Hill of Honey: Forest Recovery on Madagascar’s Central Highlands

This post was co-written by Leighton Reid and Chris Birkinshaw after a three-day field trip in the tampoketsa with Cyprien Mandriamanana and Jeannie Raharimampionona.

A narrow, paved road winds north from Antananarivo through a high, windswept plain. It is the wet season, and the hills are green and close-cropped, but in the long dry season the landscape burns black. Orange rivers wind through the valleys, muddied by massive erosion. Here and there are thin strips of riparian forest, chock full of endemic species.

The biggest chunk of remaining forest is Ambohitantely, Malagasy for “hill of honey”. Ambohitantely encompasses 1,800 ha of humid forest (about three times the size of Saint Louis’s Forest Park). We visited the reserve to observe natural forest recovery in one of the few places it can still be seen on Madagascar’s Central Highlands.

Ambohitantely map

Ambohitantely: the last large tract of forest on Madagascar’s Central Highlands. Ten kilometers to the northwest is Ankafobe, a much smaller forest fragment managed by a local community with assistance from Missouri Botanical Garden.

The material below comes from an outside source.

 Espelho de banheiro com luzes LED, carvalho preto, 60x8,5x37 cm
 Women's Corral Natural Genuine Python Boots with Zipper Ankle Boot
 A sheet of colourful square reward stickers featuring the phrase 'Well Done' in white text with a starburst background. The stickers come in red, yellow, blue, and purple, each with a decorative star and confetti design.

Forest transition feedback

Why is forest recovery so rare in the Malagasy highlands? Madagascar’s Central Highlands are currently undergoing a complete ecological transition, from forest and wooded savanna to grassland. The degradation cycle often starts when people cut forest trees to extract wood for timber and charcoal production. Small-scale cutting opens the canopy, dries the forest floor, and creates debris, all of which increase forest vulnerability to annual wildfires that sweep across the grasslands during the eight month dry season. C4 grasses quickly colonize the burned land, inhibiting forest recovery, and creating ideal conditions for future fires. The reason that Ambohitantely has natural forest recovery for us to observe is because reserve staff maintain a wide fire break for more than thirty kilometers around the reserve.

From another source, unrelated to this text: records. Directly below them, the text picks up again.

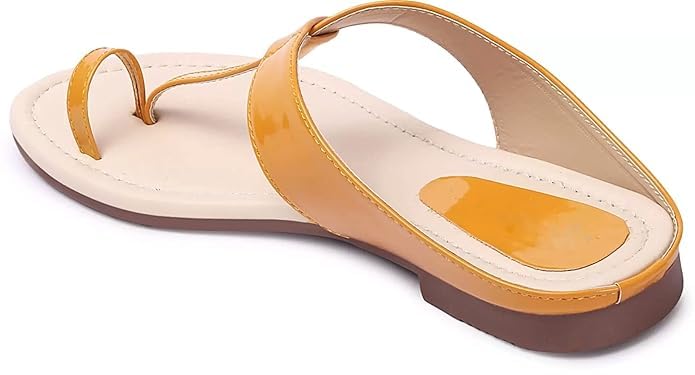 Image of Women's Toe Ring Sandals - Elegant Ruched Strap Design, Ideal for Party, Festive & Casual Wear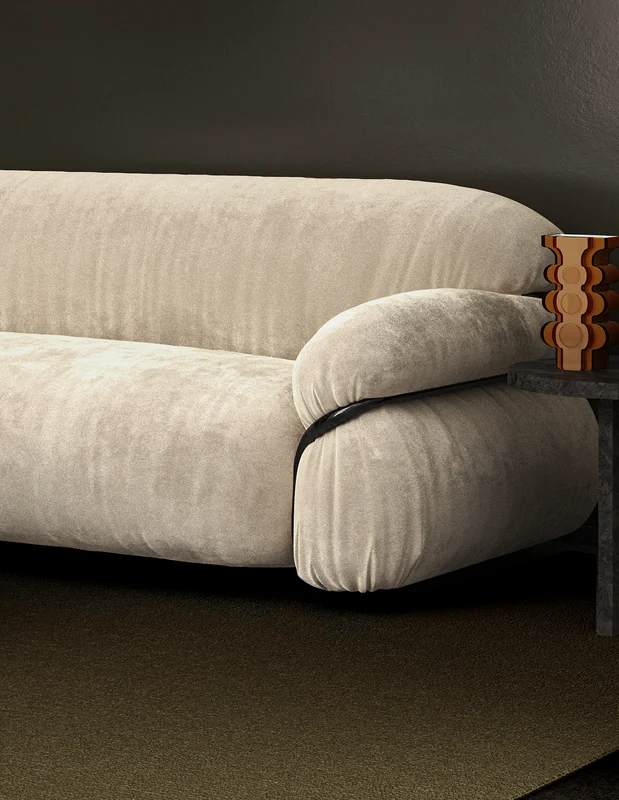 Photo of the fabric Supervio Onyx in situ by James Dunlop FibreGuard. Use for Upholstery, Accessory, Top of Bed. Style of Plain, Velvet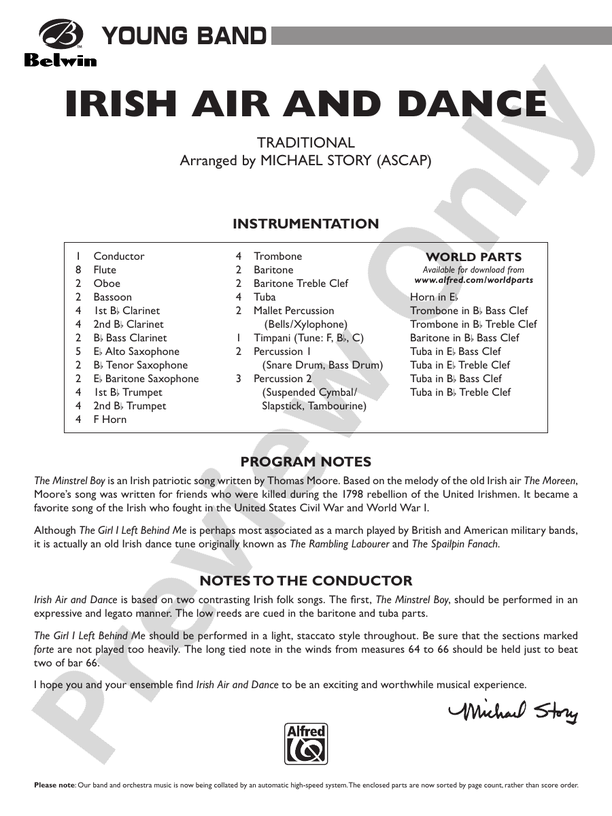 Irish Air and Dance - Concert Band Conductor Score & Parts (Digital Download)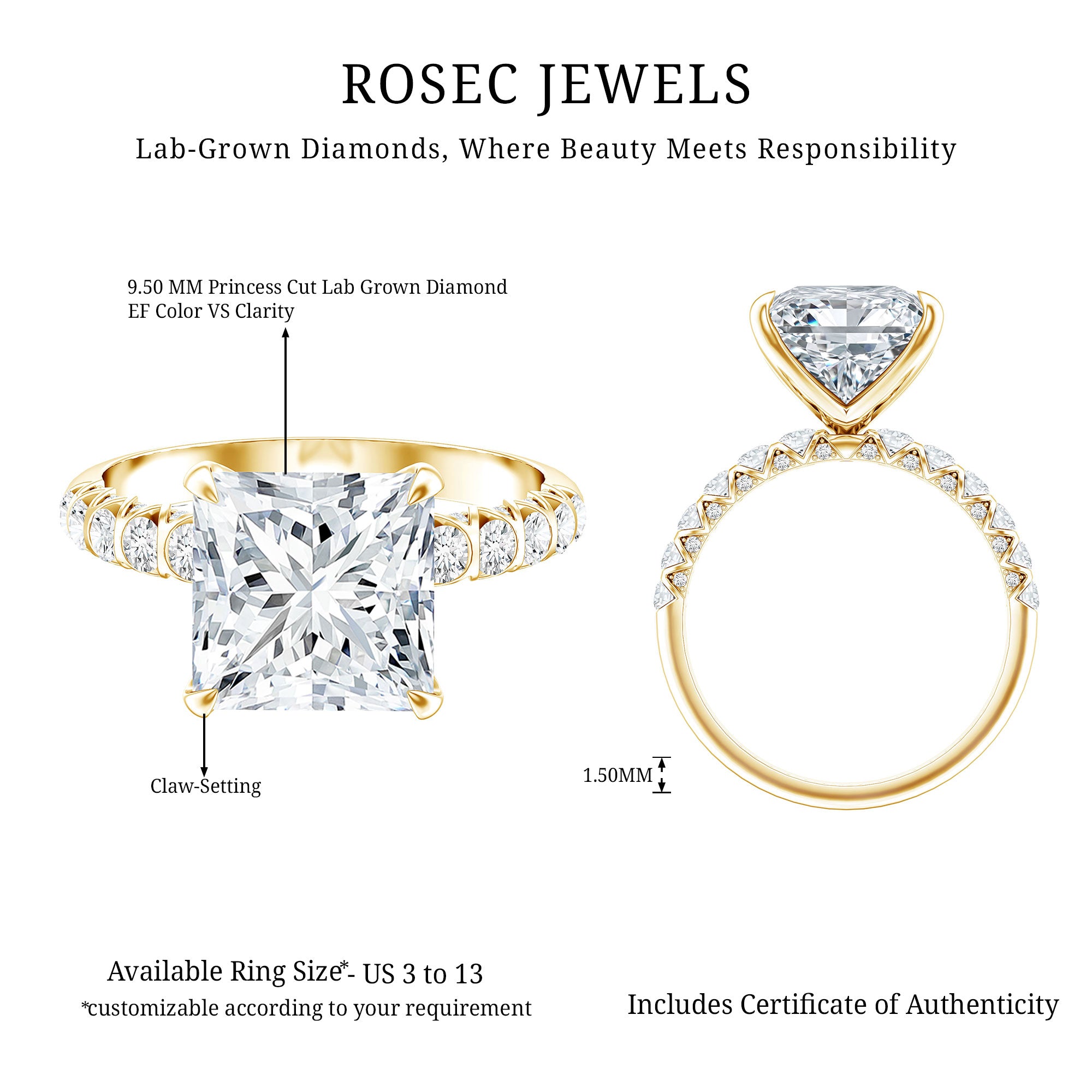 Rosec Jewels-Princess Cut 5 Carat Lab Grown Big Diamond Engagement Ring IGI Certified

Our guide at Ambohitantely took us on a hike through several areas where forest had once been cleared and burned but where fire had been excluded for 15 or 25 years, allowing the forest to begin to recover. Frankly, the vegetation was uninspiring. Low shrubs and forbs were scattered through a matrix of C4 grass (mostly Aristida), but trees and tree seedlings were nowhere to be seen outside of the forest (where they were abundant). By tropical forest standards, this looked slow. But for natural forest recovery on the Central Highlands, it’s hard to imagine a better situation than being protected from fire and immediately adjacent to the largest remaining tract of forest.

Ambohitantely forest edge

After 25 years of recovery, forest edges were sharp. Tree seedlings were almost totally restricted to forest, and grasses dominated the ground layer just outside.

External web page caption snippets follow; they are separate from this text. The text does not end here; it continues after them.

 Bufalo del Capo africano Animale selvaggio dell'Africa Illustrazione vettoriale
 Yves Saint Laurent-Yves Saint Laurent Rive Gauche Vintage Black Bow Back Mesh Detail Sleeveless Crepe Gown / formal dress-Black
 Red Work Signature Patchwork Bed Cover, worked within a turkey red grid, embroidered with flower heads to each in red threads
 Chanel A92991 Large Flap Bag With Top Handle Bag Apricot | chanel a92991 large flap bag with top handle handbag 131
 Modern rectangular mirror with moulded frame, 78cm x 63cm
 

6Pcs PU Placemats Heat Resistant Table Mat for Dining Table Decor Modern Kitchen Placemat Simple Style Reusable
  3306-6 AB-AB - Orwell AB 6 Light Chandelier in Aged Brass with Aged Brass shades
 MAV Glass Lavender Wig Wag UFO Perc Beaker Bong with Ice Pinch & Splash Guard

Our main interest in Ambohitantely was to compare natural forest recovery there to our observations at another forest fragment, Ankafobe, 10 km northwest. For the last decade, MBG has partnered with a local community to preserve a thin, riparian forest containing several critically endangered plant species. Community members constructed a fire break and have begun to restore the surrounding hillsides by turning over the orange clay and planting fast-growing legumes to develop the soil.

Ankafobe hillside with Schizolaena

A degraded hillside at Ankafobe; the remnant forest is down the hill to the right, near the edge of the photo. The tree at the top of the hill is Schizolaena tampoketsana, a critically endangered microendemic in an endemic Malagasy plant family (Sarcolaenaceae). It is a remnant forest tree that likely escaped repeated fires by being nestled in a deep, protective gully. The multi-stemmed shrub in the foreground is actually a large tree species, Brexia montana, which has likely resprouted many times from a well-developed root system.

Some of our comparative observations were promising. We were happy to find examples at Ambohitantely where recovering land dominated by heather and blueberry seemed to have continued developing into a more diverse thicket, including Nuxia capitata, Psiadia altissima, and Razafimandimbisonia minor. At Ankafobe, we had worried that the heather growing in some areas signified poor soil conditions and possibly arrested development.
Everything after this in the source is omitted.